So, in the (seemingly) simple algorithm, we have the following conversions taking place:

• The `int32` to `int64` conversion happens when comparing `j` and `b` and is done through sign extension.
• The `int64` to `int32` conversion is the last step of the algorithm and is done when returning `b`, which was a 64-bit integer in the loop, to a 32-bit integer. This behaviour is actually implementation-defined(!)2 3, so the algorithm relies on the compiler doing the sensible thing here. In practice, this is probably not a problem.
• The `int64` to `double` and `uint64` to `double` conversions happen when doing floating-point calculations with integer values and are “floating-integral conversions”. Loss of precision occurs if the integral value cannot be represented exactly as a value of the floating type. If the value being converted is outside the range of values that can be represented, the behavior is undefined. 4
• The `double` to `int64` conversion truncates, i.e. discards the fractional part, of the `double`. 5

This was, at least for me, an interesting case of how often “hidden” behaviour can be a crucial part of code.

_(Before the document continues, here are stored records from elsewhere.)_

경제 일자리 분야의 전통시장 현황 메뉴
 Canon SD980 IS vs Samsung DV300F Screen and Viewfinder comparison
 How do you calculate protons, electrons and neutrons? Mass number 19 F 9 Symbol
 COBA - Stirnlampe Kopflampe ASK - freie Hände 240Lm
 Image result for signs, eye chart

1. Lamping, J., & Veach, E. (2014). A Fast, Minimal Memory, Consistent Hash Algorithm. arXiv Preprint arXiv:1406.2294, (1), 1–12. Retrieved from http://arxiv.org/abs/1406.2294↩︎

2. The value is unchanged if it can be represented in the destination type (and bit-field width); otherwise, the value is implementation-defined.↩︎

3. C++11 Standard §4.7.3↩︎

4. C++11 Standard §4.9.2↩︎

5. C++11 Standard §4.9.1↩︎